Is radiotherapy still the best standard of care?

“So that’s a good question, and that’s where I always explain to my patients, the evidence currently is if you have a lumpectomy that is only equal to having the breast off, also known as having a mastectomy, if you have radiotherapy, and that’s the standard line that I say.”

“In select situations, they may be able to avoid radiotherapy, in DCIS, and that’s where DCISionRT comes in.”

“Radiotherapy has been a game changer for breast cancer and it has allowed us to spare patients from losing their breasts. This has a significant improvement in the quality of life for patients, their mental health and also their sexual health as well.”

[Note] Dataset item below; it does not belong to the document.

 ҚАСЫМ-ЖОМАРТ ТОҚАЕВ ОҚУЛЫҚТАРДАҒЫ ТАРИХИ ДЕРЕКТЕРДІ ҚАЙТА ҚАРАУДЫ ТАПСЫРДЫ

“By retaining as much of their own breast tissue, it can have so many good implications for patients, and we can only really do that with radiotherapy. So, to my patients, I always say it’s a highly advanced subspecialty, and radiation oncologists are researching consistently about how to employ the best radiotherapy techniques and modalities. I’d say to patients, it is one of the greatest advancements we’ve had in breast cancer.”

Dr. Adam Ofri’s Hopes for the Future

“All the research that we’ve done is always based off previous research. We’ve only moved to this place in breast cancer management and tailored and specialized breast cancer management because of all the hard work that other people have done. And it’s been through the tireless efforts of other researchers and academics that has led us to have the types of outcomes for breast cancer that we have.”

“The survivability is phenomenal in breast cancer, and that’s because of all the great advancements we’ve had.  I would hope that by providing quality research, I can help advance our level of knowledge of breast cancer and breast cancer management, and continue to help increase that rate of survivability, and have breast cancer be an unfortunate event, but not something that scares people anymore.”